ANTLR: Parsing SQL - go-sqlparser/current GitHub Wiki

Parsing SQL

https://tomassetti.me/parsing-sql/

Written by Gabriele Tomassetti
in ANTLR, Code processing, Parsing

The code for this tutorial is on GitHub: parsing-sql

Table of contents

Parsing SQL

SQL is a language to handle data in a relational database. If you worked with data you have probably worked with SQL.

It is in the same league of HTML: maybe you never learned it formally but you kinda know how to use it. That is great because if you know SQL, you know how to handle data. However, it has limitations and when you hit them your only course of action might be to work with a traditional programming language. This does not necessarily mean migrating away from SQL. You might need to move from one SQL dialect to another one or to analyze the SQL code you use. And to do that, you need to parse SQL, and that is what this article is about.
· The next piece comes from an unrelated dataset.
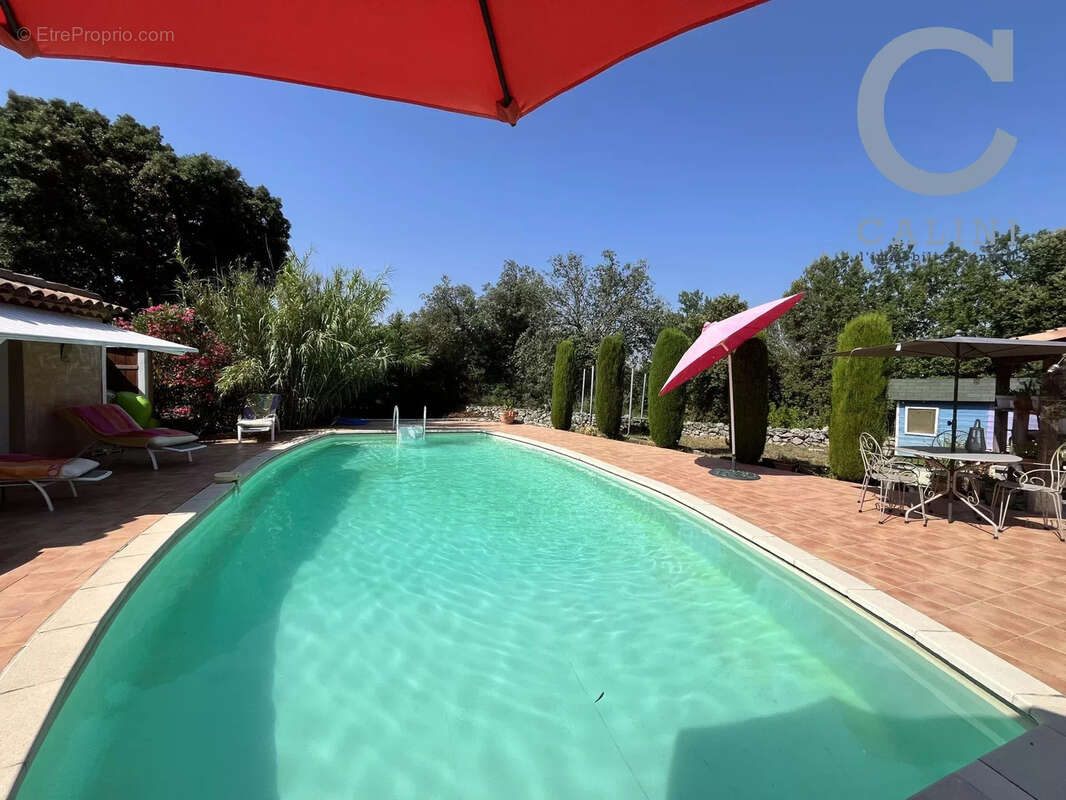 Maison à GARRIGUES-SAINTE-EULALIE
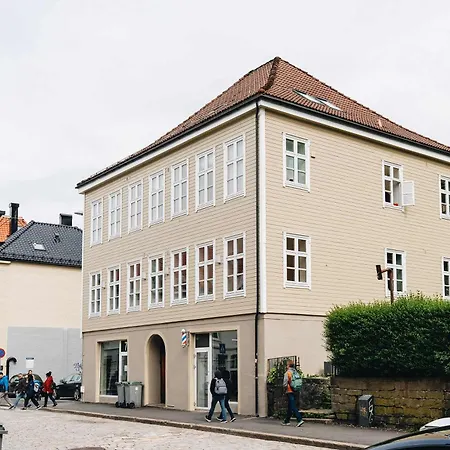 Dinbnb L 200m To Bryggen L Luxury 2 Bedroom L 2min To Floibanen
What are the limits of SQL? After a while you learn of a couple of issues:

  • there is not one SQL, but many variations of it. The SQLs implemented in SQLite, MySQL, PostgreSQL, etc. are all a bit different
  • you cannot do everything related to data in SQL. In some cases, you need a traditional programming language to work with the data

These issues became real problems when you need to make big changes. For instance, if you need to change the database used by a large application. It can also be a problem when you need to make transformations that SQL and your database cannot handle them. In that case, you have some transformations done in SQL (and run on the database) and some other in your source code. So you spend a lot of time working on glue code and around the limitations of SQL.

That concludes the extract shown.